START Listed entries

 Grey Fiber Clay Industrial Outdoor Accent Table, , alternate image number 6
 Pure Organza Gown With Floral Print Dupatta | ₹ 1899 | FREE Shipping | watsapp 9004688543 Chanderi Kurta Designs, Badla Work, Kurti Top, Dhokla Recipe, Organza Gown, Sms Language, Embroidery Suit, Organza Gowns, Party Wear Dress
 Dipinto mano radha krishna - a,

END Listed entries
START Listed entries

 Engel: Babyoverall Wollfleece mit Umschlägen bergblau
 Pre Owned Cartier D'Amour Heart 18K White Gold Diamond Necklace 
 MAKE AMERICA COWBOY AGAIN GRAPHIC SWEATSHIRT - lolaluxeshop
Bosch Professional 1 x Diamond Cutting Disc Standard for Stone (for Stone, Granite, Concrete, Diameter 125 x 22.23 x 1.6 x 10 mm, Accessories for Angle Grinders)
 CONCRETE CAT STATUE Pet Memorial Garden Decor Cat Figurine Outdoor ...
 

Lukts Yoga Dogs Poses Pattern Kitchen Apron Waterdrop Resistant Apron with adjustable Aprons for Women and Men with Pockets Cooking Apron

END Listed entries
START Listed entries

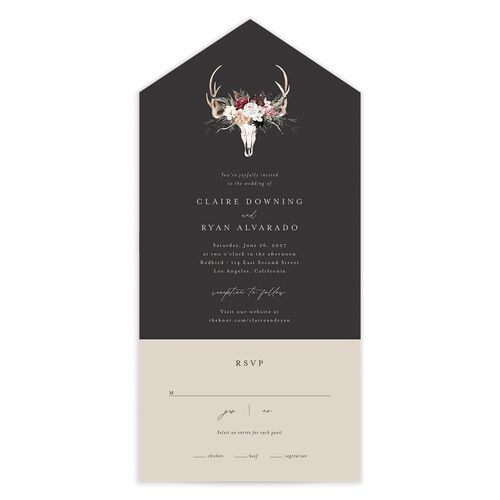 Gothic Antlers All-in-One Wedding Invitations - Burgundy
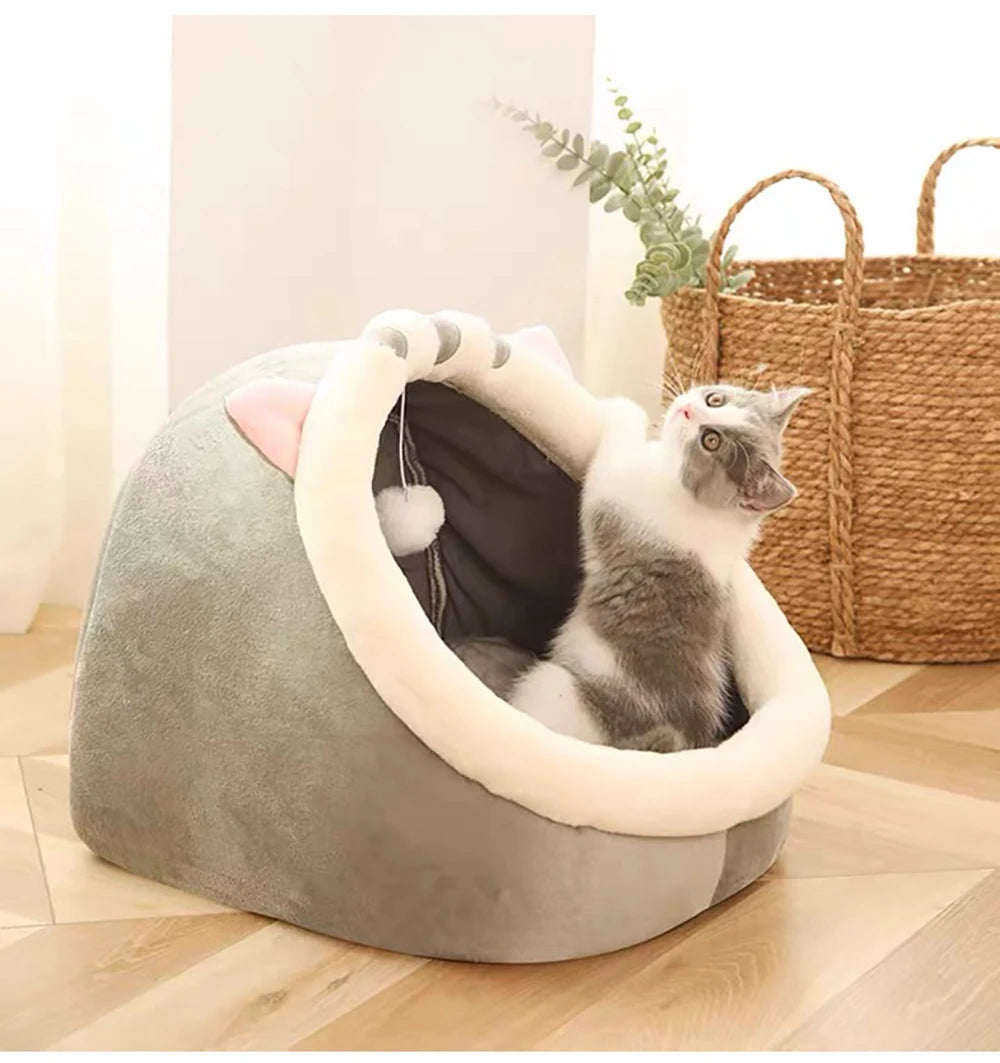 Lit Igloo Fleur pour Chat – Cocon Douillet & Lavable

END Listed entries

§ **Try it**: Pull every line containing the word "Outdoor" out of the listing.

§ **Expected output**:
 Grey Fiber Clay Industrial Outdoor Accent Table, , alternate image number 6
 CONCRETE CAT STATUE Pet Memorial Garden Decor Cat Figurine Outdoor ...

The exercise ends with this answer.